When a different police officer approaches with a drawn handgun to rescue his colleague on the ground, the protester turns to him and strikes his trigger hand with a pipe. Instantly, the officer fires on the man at point-blank range. The protester falls, and is not treated for several minutes as the police watch for attacks, the video shows.
The Hong Kong police commissioner, Stephen Lo, said the officer who fired on Mr. Tsang had acted in a “legal and reasonable” manner, having given a verbal warning before opening fire. The officer had been assaulted at close quarters, Mr. Lo said, and had no other choice but to shoot. “The range was not determined by the police officer, but by the perpetrator,” he said.

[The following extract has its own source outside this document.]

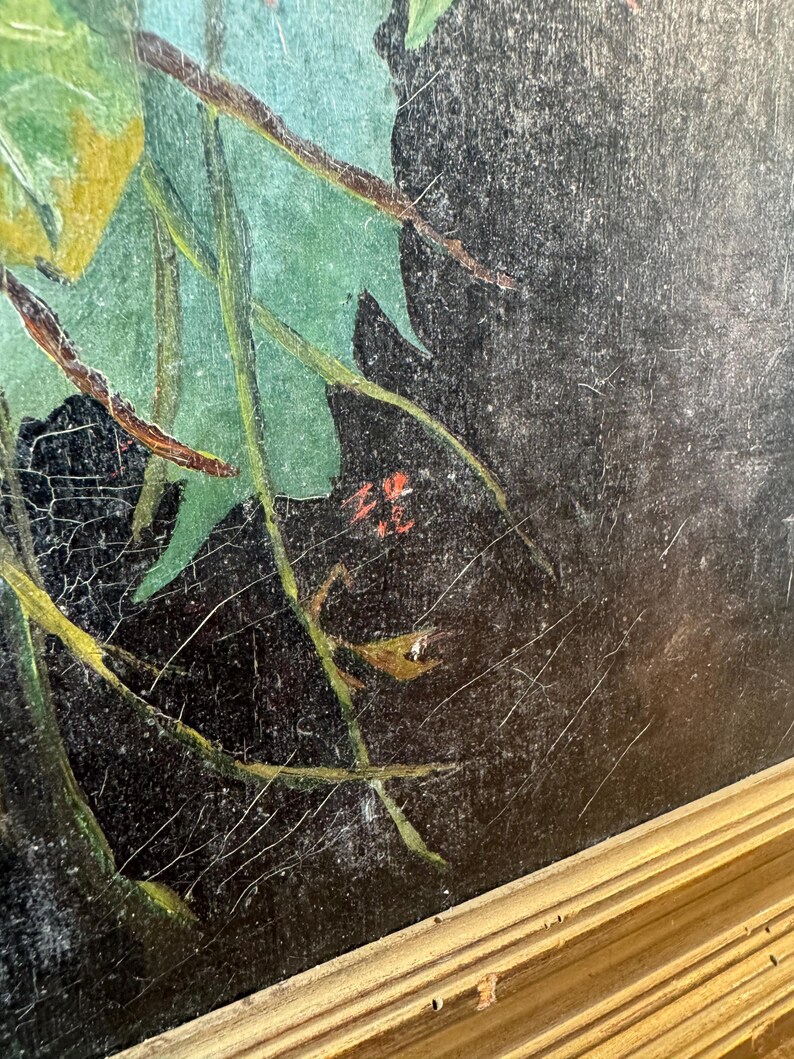 Op de afbeelding: Een antiek schilderij met een gouden lijst. Het kunstwerk toont een donkere achtergrond met groene bladeren en takken. Het schilderij vertoont zichtbare scheuren en slijtage, wat bijdraagt aan de vintage charme. De handtekening van de kunstenaar is zichtbaar in het midden onderaan.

Mr. Lo added that the police had arrested Mr. Tsang, but had not yet decided whether to press charges. On Wednesday morning, the principal and vice principal of the Ho Chuen Yiu public secondary school said that Mr. Tsang would not be punished and would keep his place in the school.
Some supporters of the police and Hong Kong’s pro-Beijing political elites urged the school to take a harder line.
“Could you not directly denounce his wrongdoing,” Leung Chun-ying, a former Hong Kong chief executive, wrote on his Facebook page on Wednesday. Before being shot, Mr. Leung wrote, Mr. Tsang had “beat the police on the streets in full gear along with other rioters.”
Joseph Cheng, a retired professor of political science at the City University of Hong Kong, said the shooting could turn Mr. Tsang into a powerful symbol for activists on either side of the protests.
In less than 24 hours after the shooting, Mr. Tsang was being hailed as a hero and derided as a thug.